I’m following the Republican nomination contest fairly closely, if only to see who will eventually triumph. I think the upcoming primaries will offer keen insight into the mindset of the party. Will the monied establishment get its candidate in the form of Mitt Romney  or even Tim Pawlenty? Or will the grassroots social conservatives get their man (or woman) with Ron Paul or Michele Bachmann?

Several major names have already dropped out. Donald Trump’s publicity stunt ran out of gas, Mike Huckabee ostensibly thought he’d get more out of staying with Fox News and Daniels, from the looks of it, just didn’t want the headache.

So who’s left?

Romney is probably the closest thing to a front-runner. He has the money, the experience and the name recognition. What will tank him is his healthcare initiative in Massachusetts, which he oversaw while he was governor and which looks suspiciously like the dreaded “Obamacare.” He could lure independents to his side in the general election, especially if the economy keeps flagging. His biggest hurdle will be getting out of the primaries.

Tim Pawlenty, the former governor of Minnesota, is inoffensive at face value. And that’s his problem: There is virtually nothing interesting, outstanding or noteworthy about him. He’s practically a cipher. I’m getting sleepy just writing about him.

Then there’s ex-Speaker of the House Newt Gingrich. Spotty personal life (and Tiffany’s habit) aside, Gingrich seems to be a legend in his own mind. Still living in, apparently, 1995, it doesn’t occur to him that he’s overcooked to the tune of about 15 years. His gaffe regarding Paul Ryan’s budget infuriated many in his party and showed that he’s out of touch with the overall agenda.

Ron Paul, a Texas representative, is a libertarian favorite and kind of a little-engine-that-could. But while he gets grassroots support, he alienates the establishment. Not to mention that for every reasonable platform he has, there are two or three more that are just crazy.

Michele Bachmann, a congresswoman from Minnesota, has a pretty enthusiastic social conservative base. If the Tea Party contingent really shows up in the primaries, I dare say she could have a fighting chance. Until she gets to the general, that is, where her ideology on social policy and reputation for bizarre comments will send independents and probably even some moderate Republicans running for the hills.
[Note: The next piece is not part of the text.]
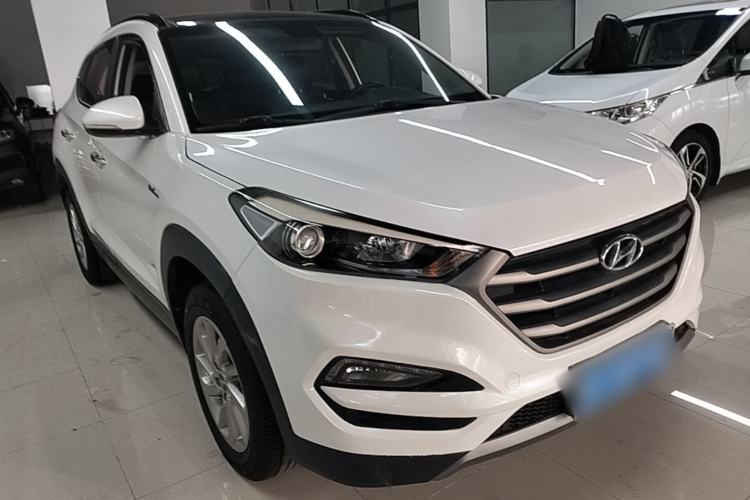 Used Hyundai Tucson 2015 1.6T Dual-Clutch Two-Wheel-Drive Smart Model Front Right 45 Deg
Rick Santorum of Pennsylvania was booted out of the Senate in 2006 and is basically a slightly more composed male version of Bachmann. Pass.

Herman Cain, the former CEO of Godfather’s Pizza, is running a sort of stunt campaign. It’s an amusing sideshow, but that’s it.

Finally we have Jon Huntsman, the former governor of Utah and until recently President Obama’s ambassador to China. He’s kind of taken on the darkhorse mantle. He’s experienced, smart and not crazy. However, he just doesn’t seem to be getting much steam, and he’d have to explain why he went to work for Obama. He may, in the end, not be bombastic enough to stand out, and will probably have to compete with Romney for similar donors and voting demographics.

(I’m aware that I did not mention arah-Say alin-Pay, mostly because I don’t think she’s running.)

If I were a Republican voter, I’d be a little dismayed by this field. Candidates who’d bore the base would have a chance with independents, and those with red-meat support will alienate moderates. The thinking now is that some sort of savior will swoop in at the last minute and dazzle everyone (think Bill Clinton in 1991-92), but I have no idea who it would be. The economy looks like it’s on the mend, unemployment is ever-so-slowly dropping and Obama’s security credentials are rock-solid after the death of Osama bin Laden. Any successful Republican candidate would have to weather the, pardon the expression, freak show of the primaries and emerge unscathed enough to challenge Obama’s popularity and immense fundraising network. It’s a daunting task, and I can’t help but think that the sanest ones are those who have already bowed out.

What say you? In a year, who will be left?